Does this sound familiar to you?
We’ve known each other for years. Hs’s an avid motorbike rider and also loves to garden. He loves to travel, preferring places off the beaten track. I’ve watched him as he moved to another country, get a job, get married and have children. I’ve seen his two daughters grow up, witnessed their parties and looked at their vacation pictures. I know his friends, know the name of his wife, and his dog. I know where he works and his opinion on key issues. On any day of the week, I can tell you where he is and who he’s with. I even know what he’s having for breakfast, lunch and dinner. Fact is, I know most everything about him.
But we’ve never met. He is @Detlef, my social media friend.
@Detlef and I share something in common. We’re both netizens – a term now mostly used to describe people who are avid users of the internet. Our online friendship started by chance some 10 years ago, when @Detlef (not his real handle) first commented on a photo I had uploaded on my new Flickr account. Like any good netizen, I visited his photostream in return and favorited/commented on a couple of his photos that I found interesting. So began a steady stream of interaction that – through the years – spread through other social media channels. When I opened a Twitter account, @Detlef was the first of my followers and when @Detlef moved over to Facebook, I also became one of his first “friends”. This pattern of follow-for-follow behaviour continued over to Tumblr, Foursquare, Instagram, LinkedIn, Google +, YouTube, Vimeo and other social communities.

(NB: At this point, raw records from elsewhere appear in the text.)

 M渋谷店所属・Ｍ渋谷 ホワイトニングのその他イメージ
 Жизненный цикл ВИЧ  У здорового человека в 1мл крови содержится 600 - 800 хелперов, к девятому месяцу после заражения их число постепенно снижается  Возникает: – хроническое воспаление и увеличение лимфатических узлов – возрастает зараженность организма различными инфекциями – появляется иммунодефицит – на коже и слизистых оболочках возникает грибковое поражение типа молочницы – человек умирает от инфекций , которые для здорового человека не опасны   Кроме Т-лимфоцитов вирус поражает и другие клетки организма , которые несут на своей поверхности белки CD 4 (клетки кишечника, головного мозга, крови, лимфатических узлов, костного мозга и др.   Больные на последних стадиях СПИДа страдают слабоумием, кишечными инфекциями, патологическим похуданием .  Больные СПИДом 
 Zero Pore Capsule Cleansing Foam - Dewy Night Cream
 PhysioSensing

What made it even easier is the common algorithm used by most social media channels to “invite” existing contacts whenever you join. This ensures that friends follow you from one channel to the next one and the next one and the next one until your online lives are as intertwined as a plate of spaghetti.

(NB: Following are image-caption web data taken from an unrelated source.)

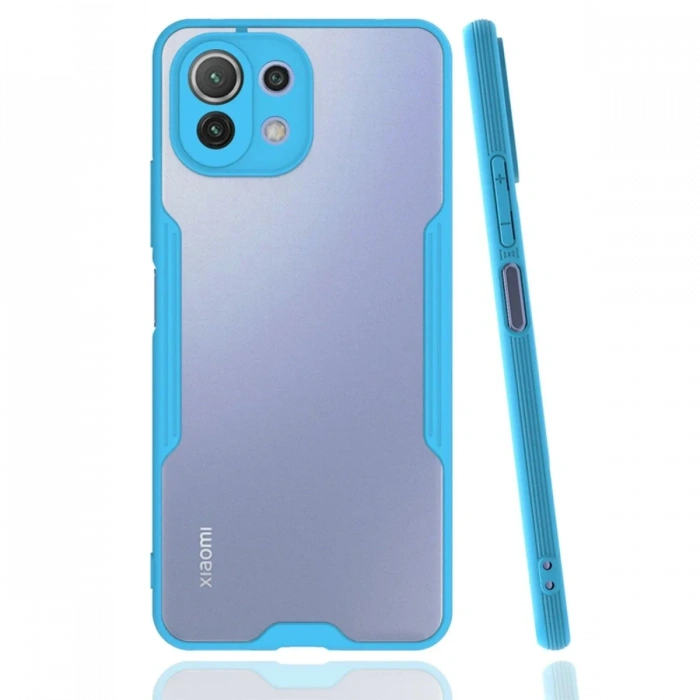 Newface Xiaomi Mİ 11 Lite Kılıf Platin Silikon - Mavi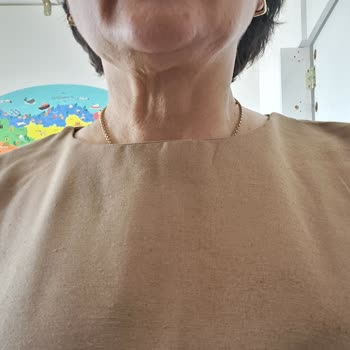 İlanla Uyuşmayan Kalitesiz Ürün Ve İade Reddi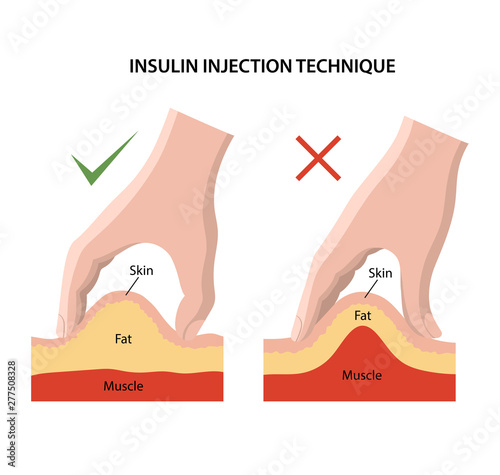Insulin injection technique for diabetes. Correct and incorrect injections are shown. Anatomical vector illustration in flat style isolated over white background.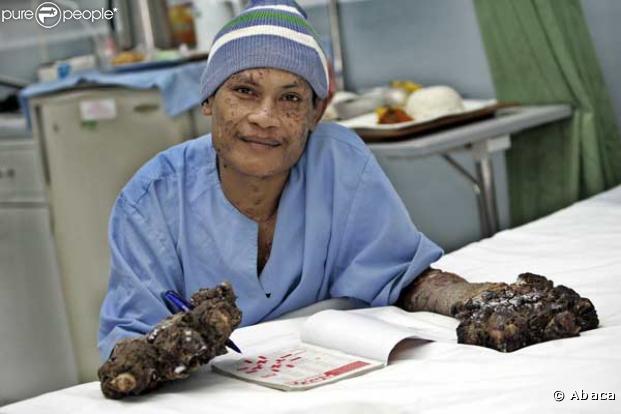 Dede Koswara, l'homme arbre... A l'hôpital, après son opération.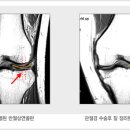 무릎 반월상 연골판 부상 증상 및 치료법 이미지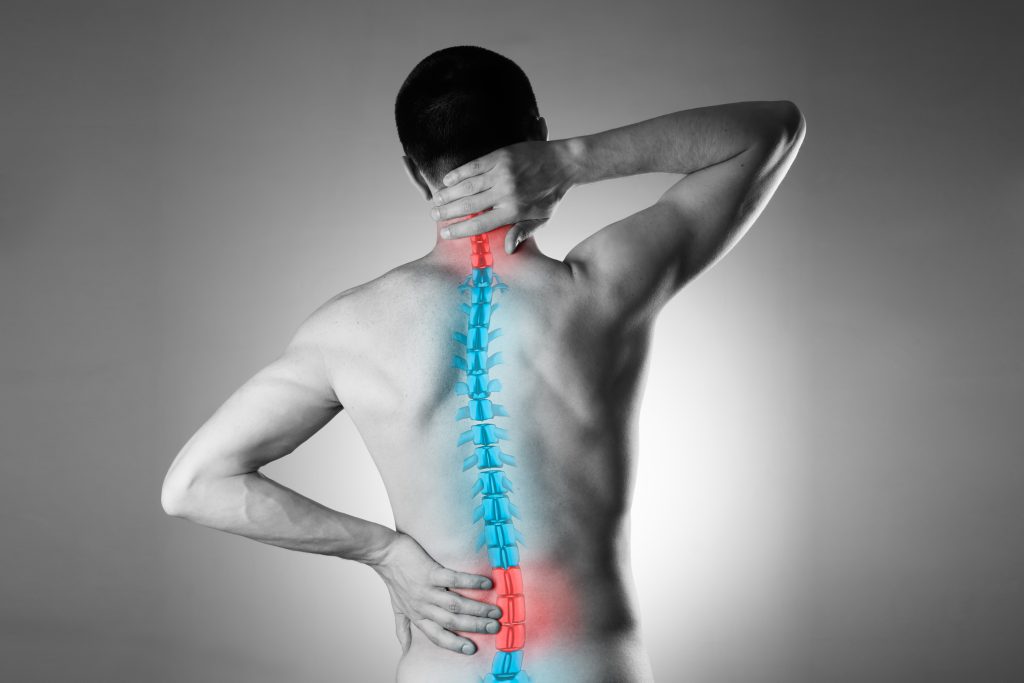 A man holding his neck and lower back, with a graphical illustration highlighting the spine in blue and areas of discomfort in red, suggesting pain or stiffness in those regions potentially requiring Trans Lateral Interbody Fusion
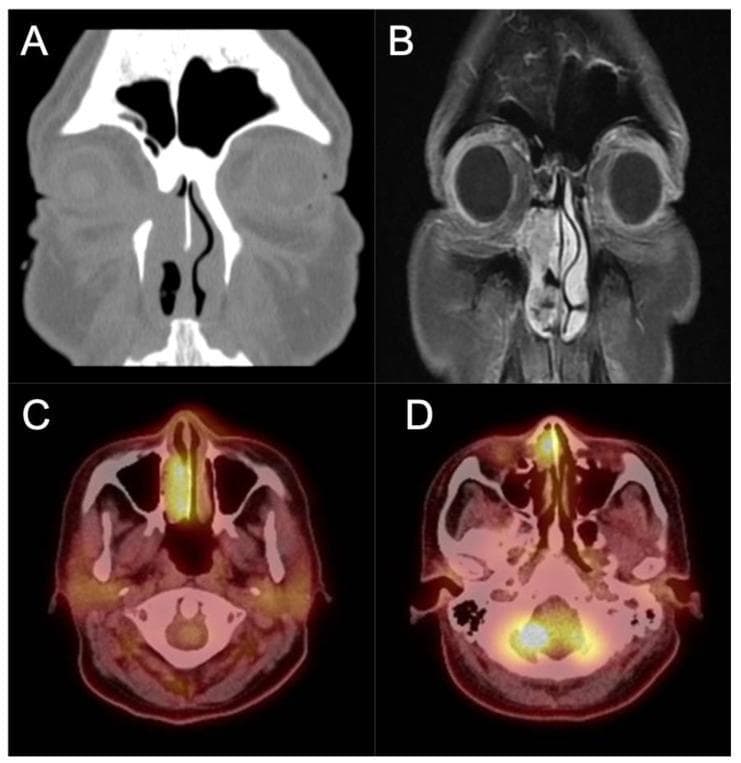 Multi-modal diagnostic imaging of inverted papilloma (IP) with malignant transformation into squamous cell carcinoma (SCC). (A) Coronal non-contrast CT scan shows a large, soft-tissue density mass occupying the right nasal cavity and ethmoid sinus. Visible bony dehiscence of the medial orbital wall (lamina papyracea) indicates aggressive local erosion. (B) Coronal T1-weighted contrast-enhanced MRI provides superior soft-tissue resolution, clearly delineating the tumor's invasion into the medial orbit and periorbita. (C, D) Axial PET/CT fusion images reveal intense FDG avidity (metabolic activity) localized to the right nasal mass, facilitating the differentiation between viable tumor and inspissated secretions. These images collectively illustrate the radiographic features of locally advanced sinonasal malignancy, emphasizing the importance of correlating CT (for bone assessment), MRI (for orbital/dural invasion), and PET/CT (for metabolic staging) in surgical planning and management of secondary malignant degeneration in chronic sinonasal disease.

So as more of our online activities intertwine, it is no wonder then that @Detlef and I almost feel like — as expressed in today’s lingo — we’re best friends forever or BFFs!. I say almost because this relationship is not really real. We know as much as there is to know about the respective lives that we willingly share online. Yet is is ultimately a shallow sharing, devoid of emotional connection. It’s like watching a movie from a distance in thousand-pixel quality. The connection itself is momentary — punctuated by likes, comments and shares –which ends the moment we go offline.

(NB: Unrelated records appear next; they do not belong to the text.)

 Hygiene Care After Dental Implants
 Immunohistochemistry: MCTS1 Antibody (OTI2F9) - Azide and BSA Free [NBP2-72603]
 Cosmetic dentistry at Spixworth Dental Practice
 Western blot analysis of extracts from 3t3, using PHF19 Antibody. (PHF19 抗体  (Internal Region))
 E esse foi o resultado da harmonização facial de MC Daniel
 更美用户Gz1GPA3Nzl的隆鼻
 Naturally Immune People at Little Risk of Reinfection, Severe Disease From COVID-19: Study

Of course, I’m not discounting the possibility of online friendships blossoming into real-world ones. There are stories a-plenty of that happening, and anecdotes abound about love and friendship found (and lost) on social media. But lucky for me and @Detlef, our online presence is not the totality of our entire lives. As far as I’m are concerned, our online friendship is fine just the way it is at the moment.
The other side of the coin
It can also work the other way around. Real friendships can also turn into online friendships for various reasons. An increasingly mobile lifestyle equates to people moving around more often and further distances. A friend or family member can suddenly relocate to another country or get a job in a different state. Entire families might transfer residence, moving to where the standard and quality of life is better and where there are brighter prospects for growth, prosperity and happiness.
Which leads me to the raison d’etre of this article’s title.
Two years ago, a work colleague moved to another job, in the process totally changing career direction. Though way much younger than me, we had become friends through the years, mainly because of our shared interest in blogging and social media trends. Moving to another country and frequent out-of-town assignment meant that we steadily lost personal contact. Through status updates, picture postings, comments, we nevertheless managed to stay abreast of what each of us was up to. But this, too, slowly dwindled in the coming months.
Then about a year later, a random comment thread in Facebook somehow concluded in a mutual decision to “let’s meet again and catch up”. So we did and spent a weekend lunch reminiscing about the “good old days” and the usual “by-the-way-what-happened-to-you-know-who” type of conversation. Two hours later, it was time to go.
Probably realizing how our lives have taken such diverse paths, there was no mention of a next meeting as we prepared to part ways. But the question must have been in my eyes because just before leaving she said:
“Hey, @beecue. I’ll follow you in every ‘gram!”
And indeed we are now connected in all the major social media channels, the latest being Snapchat.
Thus begins another social media relationship…
About the Picture
The picture above is a screenshot from the Instagram account of Murad Osmann, who together with his girlfriend, Nataly Zakharova (@yourleo), have become Instagram celebrities for their photograph series that shows her pulling him into various famous landmarks all over the world. With over 2.4 million followers, they have been featured in several internet trade magazines and dailies.